### Exercise description
Beginning at the top of the material, repeat each line exactly, and stop once the line with "various products A" has been written.

### Supplied material
[Start of section]
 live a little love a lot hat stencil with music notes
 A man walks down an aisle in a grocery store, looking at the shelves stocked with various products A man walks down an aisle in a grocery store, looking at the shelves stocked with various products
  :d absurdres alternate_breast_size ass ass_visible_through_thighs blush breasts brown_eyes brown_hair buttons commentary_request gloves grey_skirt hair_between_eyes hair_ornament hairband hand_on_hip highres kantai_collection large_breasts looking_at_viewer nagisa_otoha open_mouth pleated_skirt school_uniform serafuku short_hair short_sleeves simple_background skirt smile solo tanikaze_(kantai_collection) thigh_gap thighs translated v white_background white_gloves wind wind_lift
[End of section]
### Written response
 live a little love a lot hat stencil with music notes
 A man walks down an aisle in a grocery store, looking at the shelves stocked with various products A man walks down an aisle in a grocery store, looking at the shelves stocked with various products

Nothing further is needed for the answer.